The summary of the Parole Board decision said the panel “accepted that Mr Salvador genuinely wants to progress and that he is motivated to work towards his release. It thought that there was evidence of improved self-control and better emotional management”.
But the parole judges were “mindful of his history of persistent rule breaking and that Mr Salvador sees little wrong with this. He lives his life rigidly by his own rules and code of conduct and is quick to judge others by his own standards”.
“His positive progress has to be assessed in the context of him being held in a highly restrictive environment”, the document said, adding that it was “unknown exactly what is containing Mr Salvador’s risk. It is unclear whether the strong external controls of custody are mainly responsible or whether his attitudes have genuinely changed”.

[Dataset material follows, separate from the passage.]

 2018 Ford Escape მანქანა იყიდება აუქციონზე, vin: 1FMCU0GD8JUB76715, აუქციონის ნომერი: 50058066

The panel said it “could not be satisfied” Bronson had the “skills to manage his risk of future violence until he has been extensively tested outside of his current highly restricted environment”.
Decisions on moving and categorising prisoners are “entirely a matter for the Secretary of State” and the Parole Board said it would not normally comment on such matters, but added: “However, in the particular circumstances of this case, the panel observed that there is an identified pathway for Salvador in custody and the evidence supported such a move within a closed prison.”
This is a “pivotal point in Mr Salvador’s sentence, when his motivation to desist from violence is at its highest” and both psychologists instructed by Mr Salvador’s lawyers were “unequivocal in their view that he no longer requires the secure placement in his current prison”, the papers said.
At the time of his crimes Bronson was described as someone who had “a need for status”, bears grudges and struggles to control “extreme emotions”.
“The panel noted that Mr Salvador enjoyed the excitement, notoriety and the financial rewards of his violent and criminal lifestyle”, the document said.
But they found Bronson had since “changed” and there had been a “prolonged period of improved behaviour” in custody in recent years.
According to the document, Bronson said he was “terrified of dying in prison”. While he has not been involved in any incidents of physical violence since 2018, prison reports suggest there were “veiled threats” in 2020, 2021 and 2022.
“Mr Salvador lives by his own rules” and “judges others to his own standards”, the document said, adding that he was willing to “flagrantly breach prison rules”.
Officials currently plan to move Bronson to another prison where he can show how he “manages himself in a more open unit with less restrictions on his behaviour”, the parole papers added.
Bronson is the second inmate in UK legal history to have his case heard in public after rules were changed last year in a bid to remove the secrecy around the process.
He will be eligible for another parole review in about two years.